VINEYARD SERIES: JANUARY
Hey there! This is the first video in a year-long series we will be doing in the vineyard. This is so that you can come to understand what happens in a single growing season. It is January here in Lake Chelan. Some years we have snow on the ground, other years it looks just like it does right now.
When to prune?
The vines are in dormancy, so they are just hanging out until it gets warm enough in the spring to start bud break. Typically, that is in early April for us, and then they start their season all over again. During dormancy is the point at which we could prune the vines if we want to. We typically wait until March. It is just a little more pleasant to be out here. We usually won't have snow on the ground, and the vines are still in dormancy, so we're still totally cool to be doing some pruning.
Anatomy lesson
One thing I wanted to introduce you to right now because you can see everything, is the anatomy of a grapevine.
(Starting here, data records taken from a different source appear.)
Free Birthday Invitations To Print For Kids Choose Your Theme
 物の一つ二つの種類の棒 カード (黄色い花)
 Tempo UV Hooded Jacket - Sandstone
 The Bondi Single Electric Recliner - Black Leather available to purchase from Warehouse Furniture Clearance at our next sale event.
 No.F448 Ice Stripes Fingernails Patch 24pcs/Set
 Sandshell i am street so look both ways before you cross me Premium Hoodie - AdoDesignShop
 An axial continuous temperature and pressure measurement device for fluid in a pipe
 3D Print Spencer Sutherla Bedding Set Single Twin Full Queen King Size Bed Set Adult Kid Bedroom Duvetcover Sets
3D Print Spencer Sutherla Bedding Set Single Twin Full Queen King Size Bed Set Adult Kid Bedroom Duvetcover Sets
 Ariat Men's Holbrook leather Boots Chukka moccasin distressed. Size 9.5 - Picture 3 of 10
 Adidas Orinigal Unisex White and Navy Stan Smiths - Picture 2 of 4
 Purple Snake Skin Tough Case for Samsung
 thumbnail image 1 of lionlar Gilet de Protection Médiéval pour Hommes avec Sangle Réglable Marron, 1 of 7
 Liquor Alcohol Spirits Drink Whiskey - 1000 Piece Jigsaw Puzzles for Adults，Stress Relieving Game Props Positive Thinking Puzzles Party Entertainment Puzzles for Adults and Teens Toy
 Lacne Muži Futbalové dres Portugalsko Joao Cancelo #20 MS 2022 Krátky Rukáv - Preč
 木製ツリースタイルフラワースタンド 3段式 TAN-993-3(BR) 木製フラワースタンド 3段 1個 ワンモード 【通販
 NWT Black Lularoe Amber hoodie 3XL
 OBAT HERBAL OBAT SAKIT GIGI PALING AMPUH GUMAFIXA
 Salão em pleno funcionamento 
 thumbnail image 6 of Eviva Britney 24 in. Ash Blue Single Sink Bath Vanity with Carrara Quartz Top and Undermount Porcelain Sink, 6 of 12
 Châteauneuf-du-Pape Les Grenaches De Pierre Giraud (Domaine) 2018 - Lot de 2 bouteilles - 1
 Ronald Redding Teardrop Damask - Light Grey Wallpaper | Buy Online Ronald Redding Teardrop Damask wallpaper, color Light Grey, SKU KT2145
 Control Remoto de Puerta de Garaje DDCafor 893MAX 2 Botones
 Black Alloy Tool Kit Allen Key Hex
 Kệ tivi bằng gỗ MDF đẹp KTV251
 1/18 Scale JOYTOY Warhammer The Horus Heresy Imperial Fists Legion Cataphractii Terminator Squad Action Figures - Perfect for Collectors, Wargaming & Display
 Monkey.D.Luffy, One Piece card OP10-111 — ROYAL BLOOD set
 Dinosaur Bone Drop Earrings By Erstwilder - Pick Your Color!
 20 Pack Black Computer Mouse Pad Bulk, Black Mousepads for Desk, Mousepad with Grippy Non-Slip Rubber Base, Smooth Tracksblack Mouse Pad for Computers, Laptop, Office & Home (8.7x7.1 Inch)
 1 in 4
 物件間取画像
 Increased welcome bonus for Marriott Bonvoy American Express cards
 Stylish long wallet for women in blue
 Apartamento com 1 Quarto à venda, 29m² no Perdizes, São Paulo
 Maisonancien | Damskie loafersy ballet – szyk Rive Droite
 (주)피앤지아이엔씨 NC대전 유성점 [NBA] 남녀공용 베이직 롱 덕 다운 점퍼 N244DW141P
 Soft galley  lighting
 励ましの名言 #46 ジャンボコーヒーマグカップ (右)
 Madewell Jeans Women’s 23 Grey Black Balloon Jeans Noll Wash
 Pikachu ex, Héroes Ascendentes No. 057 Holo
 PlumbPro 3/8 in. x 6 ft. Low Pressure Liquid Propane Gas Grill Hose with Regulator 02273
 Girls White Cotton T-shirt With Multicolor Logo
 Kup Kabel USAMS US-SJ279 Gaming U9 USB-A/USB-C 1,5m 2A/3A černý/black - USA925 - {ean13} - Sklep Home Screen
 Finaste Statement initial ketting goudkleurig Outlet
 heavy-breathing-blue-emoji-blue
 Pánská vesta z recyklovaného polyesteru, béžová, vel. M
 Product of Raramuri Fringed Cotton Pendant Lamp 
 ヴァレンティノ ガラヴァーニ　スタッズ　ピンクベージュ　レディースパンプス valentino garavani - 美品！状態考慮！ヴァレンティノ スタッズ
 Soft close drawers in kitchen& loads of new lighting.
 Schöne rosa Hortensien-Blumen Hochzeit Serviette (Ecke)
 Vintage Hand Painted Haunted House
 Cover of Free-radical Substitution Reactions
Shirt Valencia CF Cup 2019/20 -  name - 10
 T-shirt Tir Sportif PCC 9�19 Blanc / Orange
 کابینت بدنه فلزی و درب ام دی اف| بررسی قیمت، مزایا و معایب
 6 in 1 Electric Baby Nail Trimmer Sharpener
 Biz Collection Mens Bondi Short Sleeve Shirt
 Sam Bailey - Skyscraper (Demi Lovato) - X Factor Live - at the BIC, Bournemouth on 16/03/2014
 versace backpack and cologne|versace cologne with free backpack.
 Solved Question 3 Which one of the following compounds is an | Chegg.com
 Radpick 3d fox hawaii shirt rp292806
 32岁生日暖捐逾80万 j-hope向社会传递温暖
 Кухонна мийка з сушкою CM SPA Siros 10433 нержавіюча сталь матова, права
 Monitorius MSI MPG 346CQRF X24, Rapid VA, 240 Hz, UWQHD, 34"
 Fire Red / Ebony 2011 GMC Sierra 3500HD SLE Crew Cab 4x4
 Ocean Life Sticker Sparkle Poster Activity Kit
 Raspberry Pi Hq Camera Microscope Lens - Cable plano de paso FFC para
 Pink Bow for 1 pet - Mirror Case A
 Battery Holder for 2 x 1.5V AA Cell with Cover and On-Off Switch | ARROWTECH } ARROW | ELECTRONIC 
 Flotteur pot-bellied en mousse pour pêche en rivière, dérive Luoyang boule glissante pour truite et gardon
Here is what we call the trunk of the vine. Then you have the spot at which we've allowed two shoots when we first brought this vine up to go in both directions. Those shoots, once established, are now called the cordon. Up from the cordon, we have shoots or canes. If we were to continue to grow these and not prune them, then we could establish another cordon if we wanted to. We could perhaps take a shoot up and bring it across. That's not how we're farming this vine, so that's not what we're going to do, but it's a potential thing that could happen.In our case, we're going to come along and two-bud prune these vines. It’s what we do every single year. We look for the right spot after one bud, then two buds and then we'll clip right there. That's what pruning will look like for us in a few months. For now, that's the anatomy of a grapevine and the situation here in the vineyard in January. The vines are just leisurely hanging out through the winter, reinvigorating, waiting for spring to happen, and the whole season to begin all over again.